A Hands-On Comparison Of The Christopher Ward C63 Sealander GMT In Two Different Sizes
By now, you are probably aware that Christopher Ward is hard to beat in terms of affordable luxury watches. One of the brand’s most popular series is the C63 Sealander, and within it, the GMT models are particularly in demand. We never reviewed the watch, so it was about time that we did. But not too long ago, Christopher Ward introduced a 36mm version in addition to the 39mm model already in the collection. For many watch fans, it raises the question of the right model for them. We decided to get both sizes in the office and create a comparative review to find out more. We quickly found out that there was no way to go wrong with either one. But is there a clear winner? Let’s find out.
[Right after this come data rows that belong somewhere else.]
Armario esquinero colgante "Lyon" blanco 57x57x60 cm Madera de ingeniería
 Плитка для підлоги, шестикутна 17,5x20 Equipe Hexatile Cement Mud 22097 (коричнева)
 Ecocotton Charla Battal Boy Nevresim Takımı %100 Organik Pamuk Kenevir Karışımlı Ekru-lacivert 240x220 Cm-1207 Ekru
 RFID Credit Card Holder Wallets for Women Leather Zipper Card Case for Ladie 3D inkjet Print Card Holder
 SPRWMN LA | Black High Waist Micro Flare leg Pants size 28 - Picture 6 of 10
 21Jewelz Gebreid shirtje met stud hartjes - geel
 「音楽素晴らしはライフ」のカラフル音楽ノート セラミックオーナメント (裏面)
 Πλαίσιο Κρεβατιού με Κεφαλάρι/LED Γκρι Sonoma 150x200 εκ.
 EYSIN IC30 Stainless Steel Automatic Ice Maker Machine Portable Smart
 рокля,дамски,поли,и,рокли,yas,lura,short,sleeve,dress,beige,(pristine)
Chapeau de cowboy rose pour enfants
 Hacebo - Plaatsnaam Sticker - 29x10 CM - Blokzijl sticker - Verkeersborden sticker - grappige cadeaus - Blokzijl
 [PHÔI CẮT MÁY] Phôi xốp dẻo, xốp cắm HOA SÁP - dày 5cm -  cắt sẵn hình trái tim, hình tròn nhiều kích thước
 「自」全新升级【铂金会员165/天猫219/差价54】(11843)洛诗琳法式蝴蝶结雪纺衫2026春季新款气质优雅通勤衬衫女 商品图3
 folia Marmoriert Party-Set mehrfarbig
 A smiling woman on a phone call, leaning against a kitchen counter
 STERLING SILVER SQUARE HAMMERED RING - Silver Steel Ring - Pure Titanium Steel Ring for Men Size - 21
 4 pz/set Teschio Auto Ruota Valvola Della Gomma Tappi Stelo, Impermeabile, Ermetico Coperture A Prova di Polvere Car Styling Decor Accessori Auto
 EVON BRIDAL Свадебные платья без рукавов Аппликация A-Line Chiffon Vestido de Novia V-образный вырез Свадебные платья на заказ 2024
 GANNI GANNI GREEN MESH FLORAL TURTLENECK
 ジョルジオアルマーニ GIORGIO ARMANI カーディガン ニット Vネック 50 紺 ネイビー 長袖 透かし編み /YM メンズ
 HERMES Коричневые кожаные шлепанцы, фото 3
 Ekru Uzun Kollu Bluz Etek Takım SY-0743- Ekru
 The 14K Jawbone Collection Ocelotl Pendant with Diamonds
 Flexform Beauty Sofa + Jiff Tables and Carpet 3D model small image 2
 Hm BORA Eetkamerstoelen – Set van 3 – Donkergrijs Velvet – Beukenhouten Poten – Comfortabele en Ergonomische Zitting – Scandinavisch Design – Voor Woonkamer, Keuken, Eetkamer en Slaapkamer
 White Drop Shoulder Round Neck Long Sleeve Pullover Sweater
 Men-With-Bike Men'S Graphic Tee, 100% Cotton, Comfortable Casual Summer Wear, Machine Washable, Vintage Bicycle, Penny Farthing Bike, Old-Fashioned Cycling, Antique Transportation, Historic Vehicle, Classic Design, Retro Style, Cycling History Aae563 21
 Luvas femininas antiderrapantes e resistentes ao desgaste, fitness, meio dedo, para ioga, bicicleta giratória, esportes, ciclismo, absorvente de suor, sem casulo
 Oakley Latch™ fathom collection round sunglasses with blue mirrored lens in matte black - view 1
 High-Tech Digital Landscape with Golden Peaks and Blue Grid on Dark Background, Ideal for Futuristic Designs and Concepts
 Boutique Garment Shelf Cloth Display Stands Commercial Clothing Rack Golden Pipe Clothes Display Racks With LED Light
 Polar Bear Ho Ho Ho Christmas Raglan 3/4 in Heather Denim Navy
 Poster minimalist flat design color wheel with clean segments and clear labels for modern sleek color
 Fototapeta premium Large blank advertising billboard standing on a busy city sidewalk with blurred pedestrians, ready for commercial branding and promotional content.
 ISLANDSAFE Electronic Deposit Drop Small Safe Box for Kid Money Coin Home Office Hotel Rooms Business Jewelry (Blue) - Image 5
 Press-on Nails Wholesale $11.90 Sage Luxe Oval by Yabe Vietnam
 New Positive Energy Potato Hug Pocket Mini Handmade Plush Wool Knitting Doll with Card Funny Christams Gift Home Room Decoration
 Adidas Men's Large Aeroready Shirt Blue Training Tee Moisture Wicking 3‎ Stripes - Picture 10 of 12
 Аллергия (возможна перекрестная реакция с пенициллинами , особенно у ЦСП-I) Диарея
Christopher Ward’s C63 Sealander GMT is one of those instantly recognizable watches. A glance will tell you that the Rolex Explorer II inspired the overall look. But zoom in a bit more, and you will find out that the designers at Christopher Ward created a watch that is rather different in its details. The clear references to the Explorer II come from the fixed stainless steel bezel and the colors of the dial and hands. However, the different execution of certain elements separates the C63 Sealander GMT from the famous silhouette it takes after. Whatever your take on this design, the fact is that the series is incredibly popular with watch fans. That’s why we wanted to find out more about the available models.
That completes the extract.